Aunque los hombres estaban en guerra, no te interesaban sus querellas. Sentías el mismo desprecio por todas las banderas. La sombra roja de la Comuna de París te deslumbró durante un tiempo, pero enseguida descubriste que no deseabas ser un revolucionario, sino un alquimista, un chamán, un nigromante. Aunque pertenecías a la familia humana, no experimentabas ningún amor por tus semejantes. No apreciabas ninguna diferencia entre obreros y burgueses, proletarios y explotadores, hombres y mujeres. Todos te resultaban igualmente repulsivos.

Escribiste “Yo es otro”, pero el otro solo era para ti una tela de araña, una trampa mortal, un aire negro. Cuando llegaste a París, Victor Hugo afirmó que eras “Shakespeare niño”, pero en realidad eras un Calibán furioso, un caníbal que solo aceptaba la compañía del hachís y el ajenjo. Cuando alguien se acercaba a enseñarte un poema, le escupías en la cara. Verlaine se enamoró de ti y te invitó a su casa: “Ven, querida gran alma. Te esperamos, te queremos”.

No apreciabas ninguna diferencia entre obreros y burgueses, hombres y mujeres. Todos te resultaban repulsivos.

Verlaine te acogió con su joven esposa Mathilde Mauté, una “virgen demente”, una doncella de diecisiete años monstruosamente embarazada y acostumbrada a la violencia de un esposo con aspecto de fauno. Enseguida os hicisteis amantes. Enseguida comenzaron las reyertas y las humillaciones. Os marchasteis a Londres, abandonando a Mathilde con su hijo, el triste fruto de un matrimonio aciago. Vivisteis en la pobreza en Bloomsbury y en Camden Town. Cuando anunciaste que te marchabas, Verlaine enloqueció. No era la primera ruptura, pero esta vez tu determinación parecía inquebrantable.

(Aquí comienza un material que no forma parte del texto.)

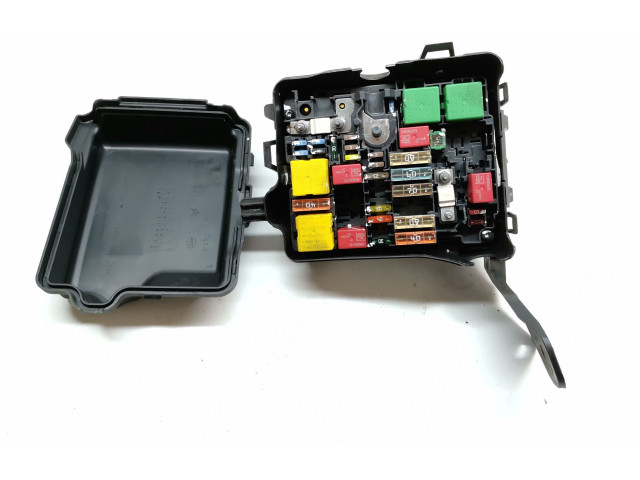 Блок предохранителей 9671924480, 9671924480   Peugeot 2008 I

Verlaine te disparó y te hirió en la muñeca. La justicia le envió a prisión, pese a tus súplicas de indulgencia. Después de esa experiencia, renunciaste a escribir, pero no a ser una canalla, un forajido, un hombre sin miedo a pecar y a extraviarse en el último círculo del infierno. Te enrolaste en el ejército holandés para viajar a Java. Desertaste, convirtiéndote en prófugo. Viajaste a Chipre y a Yemen. En Adén, hiciste el amor con las nativas y paseaste por plazas y calles con una abisinia, que te amó sin esperar nada a cambio. En Harar, Etiopía, empezaste tu carrera como traficante de armas.

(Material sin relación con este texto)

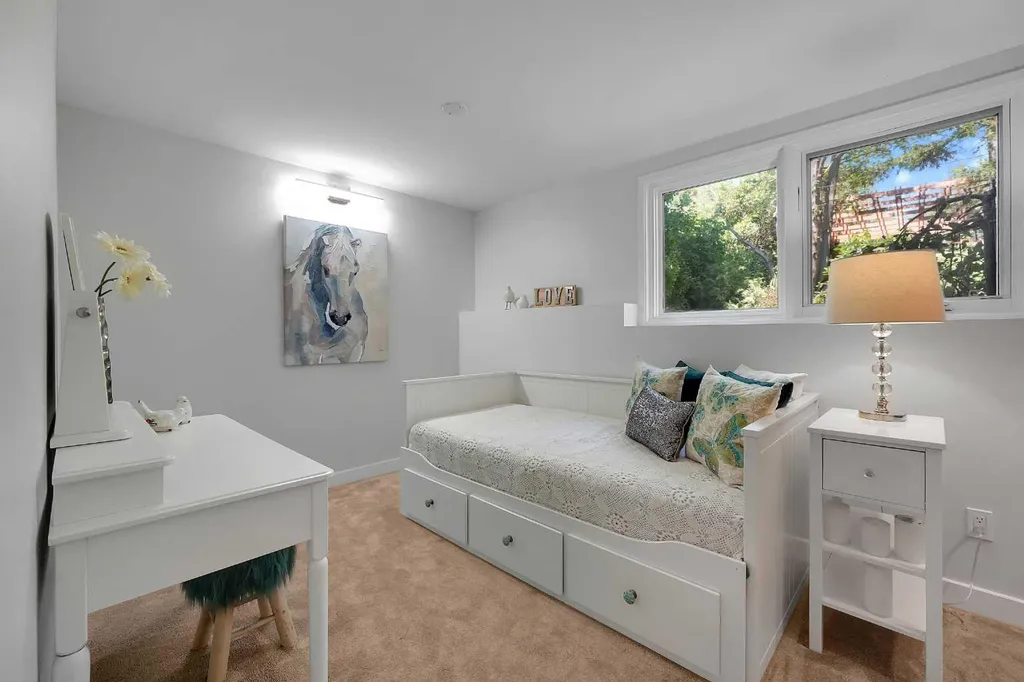 1718 12 Avenue NW Calgary AB T2N1J2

Te gustaba fotografiarte con rifles y una pipa, sin ocultar tu arrogancia de blanco europeo que no se avergüenza de esclavizar a los pueblos inferiores. Algunos dicen que comerciabas con los nativos, capturándolos en sus aldeas y vendiéndolos a los capitanes de barco que se dirigían a la joven América, donde les aguardaban las plantaciones de algodón y los capataces brutales. Hiciste una pequeña fortuna, pero tu rodilla derecha era un árbol enfermo, que propagaba el cáncer por tus huesos.

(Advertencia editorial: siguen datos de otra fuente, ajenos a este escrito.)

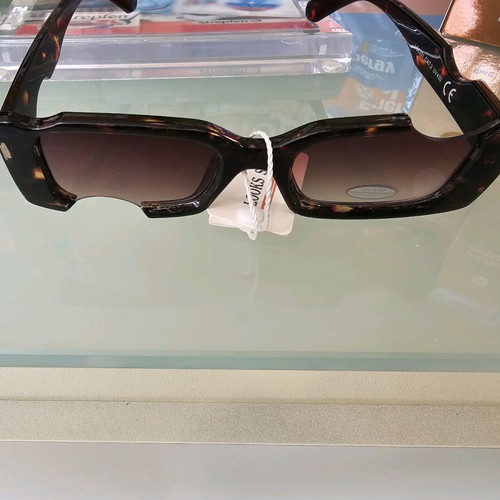 Sunglasses new, unusual stylish design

Regresaste a Marsella y te amputaron la pierna, pero ya era demasiado tarde. Tu hermana Isabelle te cuidó durante largas semanas. Mientras agonizabas, dibujó tu rostro una y otra vez. Ya no eras un joven hermoso, sino un hombre de 37 años con los días contados. “Dentro de poco yo estaré bajo tierra y tú caminarás bajo el sol”, le dijiste a Isabelle, aceptando que un capellán absolviera tu alma sufriente y desfallecida. Ya conocías el infierno y te preguntabas si existía el paraíso.

Nunca ocultaste tu arrogancia de blanco europeo que no se avergüenza de esclavizar a los pueblos inferiores

Tal vez el miedo se apoderó de ti en el último momento, pero nunca buscaste la paz ni la fraternidad. Ser otro no significó para ti adentrarse en el otro, sino liberarse del yo para bailar ebrio y desnudo. El amor siempre te pareció una farsa, un viaje estéril por la carne. Tú único anhelo era desordenar los sentidos y atisbar lo incomprensible. No creías en Dios, pero sí en tus iluminaciones, que hablaban de relámpagos y vigilias, lejanías y confines, albañales y cimas. Sabías que el yo no piensa ni escribe. Nos escriben y nos piensan los otros. Nunca presumiste de hombre civilizado.

Eras un bárbaro que festejaba la sangre y los cielos llenos de pavesas escupidas por ciudades en llamas. Descubriste el color de las vocales y el estridor del silencio. A veces he envidiado tu vida y tu muerte, tus poemas precoces y tu prematuro exilio del mundo. ¿Dónde estás ahora? ¿En el infierno, reconciliado con la Belleza y con la risa de los niños? ¿O sigues con nosotros, escuchando la fanfarria atroz de este tiempo de asesinos? Siento tu presencia cuando escribo, pero no es una compañía benévola, sino una mirada feroz que celebra el vértigo de no ser.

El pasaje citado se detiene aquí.